Page 1 of 1

Trying to fix a PDF OCR encoding issue

Posted: Mon Aug 05, 2024 5:38 pm
by Loki@99
Hi,

I'm trying to fix the OCR on this PDF file which likely had an encoding issue (I don't know how the original OCR was performed).
File_OCR_encoding issue.pdf
image.png

For the "fix", I tried to Rasterize the file (so that I can OCR with PDFXCE after) with the following tweaks in order to have a good quality
- Compression : JPEG
- JPEG Quality : High
- 300 DPI

The issue is that after the Rasterize action, the file size became very large (537MB).
I'm aware that it is intended as the PDF will exclusively contain high definition images.
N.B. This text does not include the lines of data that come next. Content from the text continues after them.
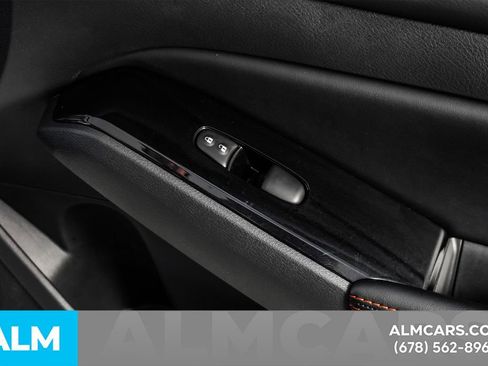 Used 2025 Nissan Altima 2.5 SR image 42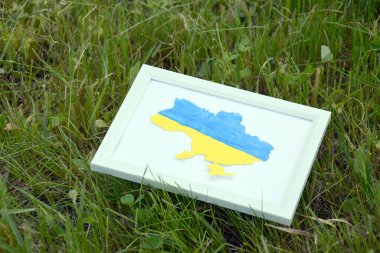 Ukrayna 'nın ana hatları, Ukrayna' nın ulusal bayrağı gibi mavi ve sarı renklerle süslenmiş. Bağımsızlık, bayrak, Anayasa Günü. Ukrayna 'da Savaş.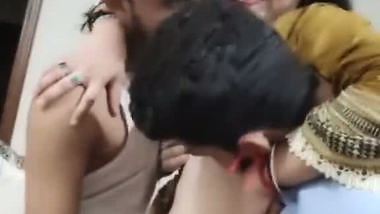 Two Hyderabad boys and a hot babe’s live xxx video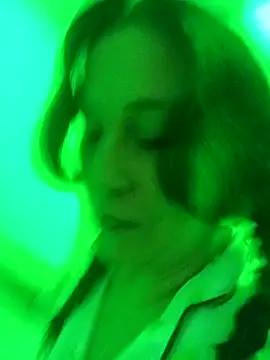 Snapshot of LADY_HELLEN chatting on 04/24/26, 12:18 LADY HELLEN online show from 04/24/26, 12:18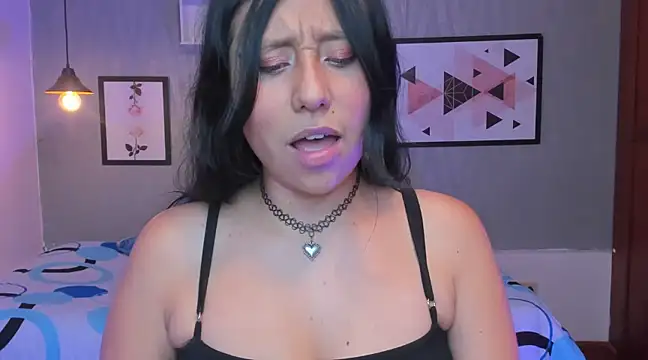 Snapshot of Nohemi_louse chatting on 02-19-25, 01:18 Nohemi louse online show from 02-19-25, 01:18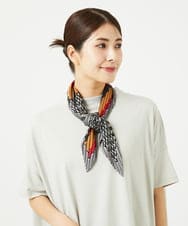NK3JB02080 GIANNI LO GIUDICE(ジャンニ ロ ジュディチェ) ストライプ幾何プリーツプチスカーフ ライトグレー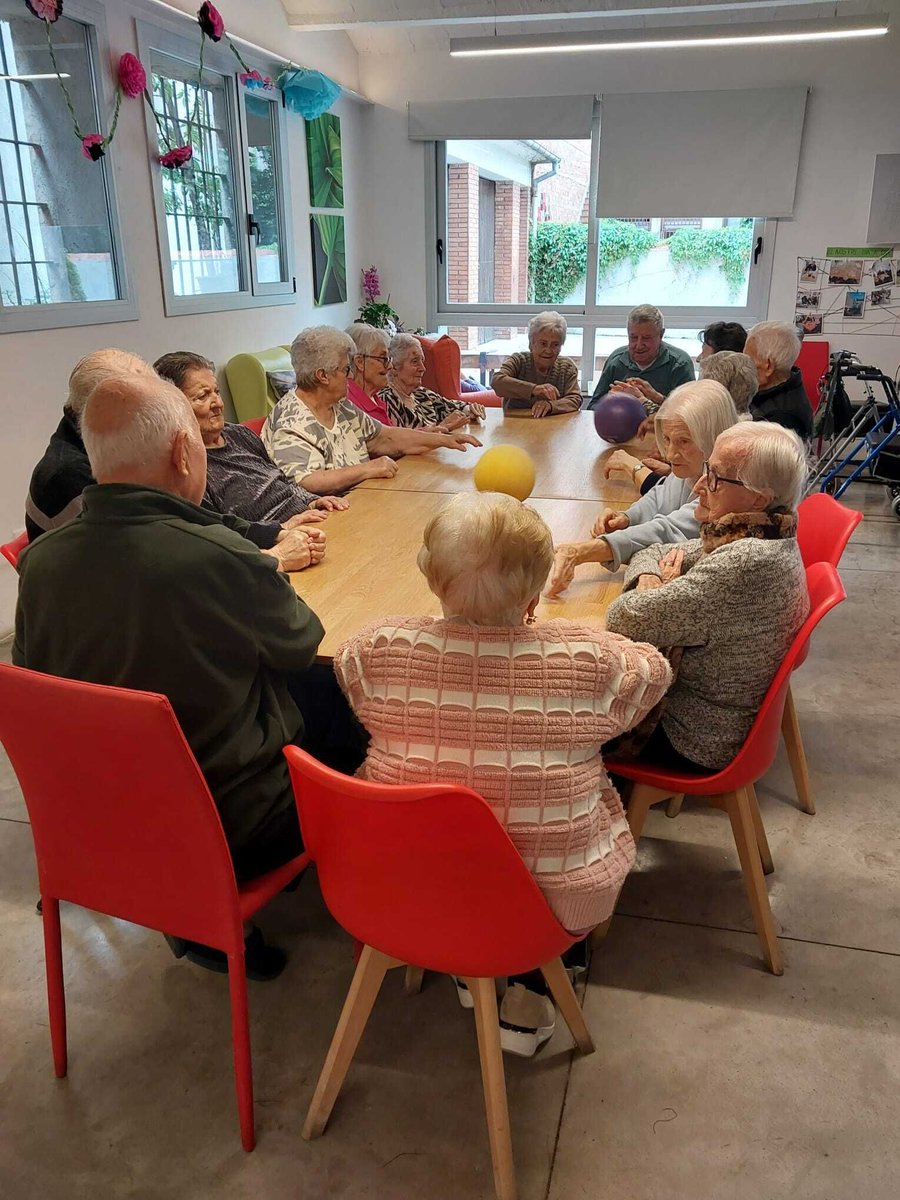 latardorOlot's tweet photo. 🟠 Som-hi ! Comencem la setmana amb molta energía ! 🤲 Treball de mobilitat, coordinació i activació cognitiva a través del joc dirigit amb pilotes. 

 #EnvellimentActiu #laTardorGentGran #Olot #noumodel https://t.co/71T49HO2ND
I tried to Save as Optimized with the "Standard" profile but unfortunately the file size is still way larger (169MB) than the original file (58MB) and the quality has slightly deteriorated.

Maybe you have a solution for my issue,

Thanks for investigating,

Re: Trying to fix a PDF OCR encoding issue

Posted: Mon Aug 05, 2024 8:35 pm
by Daniel - PDF-XChange
Hello, Loki@99

There should be no need to rasterize the page in this situation. The only time rasterizing is requires before OCR is when you only want to generate "searchable" text, but with to leave the facsimile of the original scanned pages intact.

If you are looking to enable editing for the text, you can simply uncheck the "ignore text" option to get the same effect without creating a number of large images in the file:
image.png
This will allow the OCR to replace the existing text on the page, with a new editable text layer.

Kind regards,

Re: Trying to fix a PDF OCR encoding issue

Posted: Tue Aug 06, 2024 4:42 am
by Loki@99
Hi,
The only time rasterizing is requires before OCR is when you only want to generate "searchable" text, but with to leave the facsimile of the original scanned pages intact
Well, that's exactly the reason why I'm trying to fix that PDF OCR.

Fortunately, uncheking Ignore existing text on page and selecting Searchable Image output settings fixed the issue.

image(1).png

There's still content left from the old OCR but it's no big deal as the search feature works now.

Old content
image.png

Thanks for your assistance,

Re: Trying to fix a PDF OCR encoding issue

Posted: Tue Aug 06, 2024 11:18 am
by Stefan - PDF-XChange
Hello Loki@99,

You could delete the previous OCR result first, and then run our OCR - that way the wrong encoding text will be removed and not mess with your content pane.

Kind regards,
Stefan

Re: Trying to fix a PDF OCR encoding issue

Posted: Tue Aug 06, 2024 2:48 pm
by Loki@99
Hi Stefan,
Tracker Supp-Stefan wrote: Tue Aug 06, 2024 11:18 am You could delete the previous OCR result first, and then run our OCR - that way the wrong encoding text will be removed and not mess with your content pane.
Unfortunately, it's not possible as it will delete all data.

GIF - Delete the wrong encoding
OCR.gif

Re: Trying to fix a PDF OCR encoding issue  SOLVED

Posted: Tue Aug 06, 2024 3:01 pm
by Stefan - PDF-XChange
Hello Loki@99,

Ahh! So the original image pixels have already been removed!
Yes in that case what you did above should help! :D

Kind regards,
Stefan